Sunday, May 11, 2014

PauP: Getting Better but Still Bad

     Some days when we drive through PauP, I get the impression that things are getting better. Certainly, things are better than a year or two ago. Most of the tent cities that went up to house the internally displaced population have disappeared although I have no idea where the residents were relocated. Some of the grand post-earthquake plans for rebuilding Haiti included housing although those plans have mostly not been realized. But the tent cities are gone.

     A lot of building is going on in PauP. The airport terminal has been rebuilt. Passengers no longer deplane onto the tarmac but pass through a jetway into the air-conditioned terminal. The chaotic baggage claim area is larger and a baggage carousel emblazoned with ads for Prestige now makes it much easier to find your bags. New government buildings are going up, as are new luxury hotels. Still, in some parts of PauP it is hard to tell whether a building behind a construction fence is going up or waiting to be torn down.

     Although earthquake debris has long since been hauled away, trash is still everywhere. However, in some neighborhoods the trash is swept up into large piles and trucks come by to pick up the trash. I have seen people sweeping the sidewalk in front of a large government building at the end of the day. Mounds of trash accumulate in front of the main market and then are picked up and hauled off. People still can be seen picking through the trash for something to eat or something that they can sell. I watched one man with a machete slashing open plastic bags on a trash pile and rooting through the trash looking for anything of value. Then there are goats and pigs and dogs that roam over trash piles looking for something to eat.

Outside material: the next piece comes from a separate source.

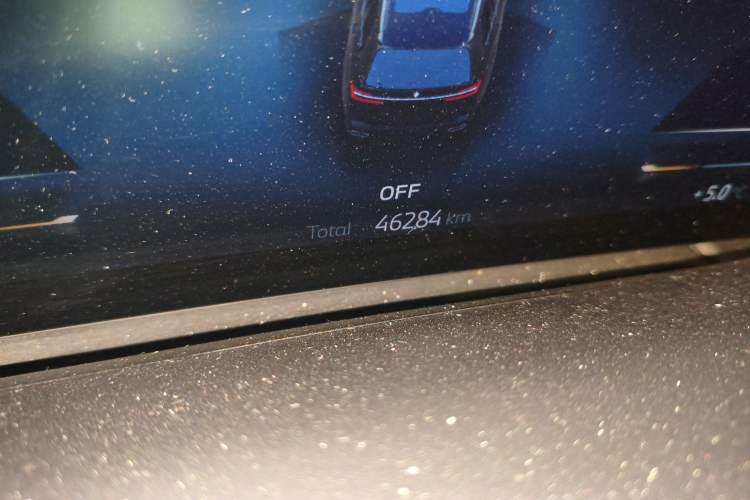 Used BMW X7 2023 xDrive40i Luxury Package with Premium Features Odometer Close Up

     Traffic signals are slowly being repaired and put back in service and actually work in some parts of the city. At the busiest intersections that still have no traffic signals, police now direct traffic. But there are still intersections where chaos reigns and only the steely-nerved driver dares enter the mix.

     I continue to be amazed at how many streets in PauP, the capital city of Haiti, are in such deplorable condition. Even the main road from Tabarre to the airport is in a horrible state. The road that goes past the U.S. Embassy in Tabarre is almost as bad but at least it is being repaired. Traffic is engulfed in a haze of dust as it slowly makes its way down these roads. The good roads that run through PauP and connect it with Delmas and Petionville are usually jammed with traffic. Makendy knows the streets of PauP and he knows shortcuts to take through the neighborhoods. He will not hesitate to make a U-turn on a busy, traffic-clogged street to take a less-travelled road. We went down one of these side streets recently. At the foot of a short descent, there was a huge mess at the intersection: a mixture of rocks and rubble on top of a road pavement that was completely broken up. An SUV was stopped in front of us. The driver got out and walked around the front of the vehicle and leaned over the front wheel. He was switching the front-end wheels into 4-wheel drive! I had never seen anyone use 4-wheel drive before in a city (unless there was snow or ice on the roads). As we watched, Makendy nodded toward the shifter to his right and proudly told me that the Everest had 4-wheel drive also but that he could activate it from inside the vehicle. We waited as the SUV in front of us used its 4-wheel drive to pull its way over and through the intersection, then it was our turn. Makendy deftly drove the Everest over the broken road and debris without using 4-wheel drive and we moved smoothly across PauP using his short cut.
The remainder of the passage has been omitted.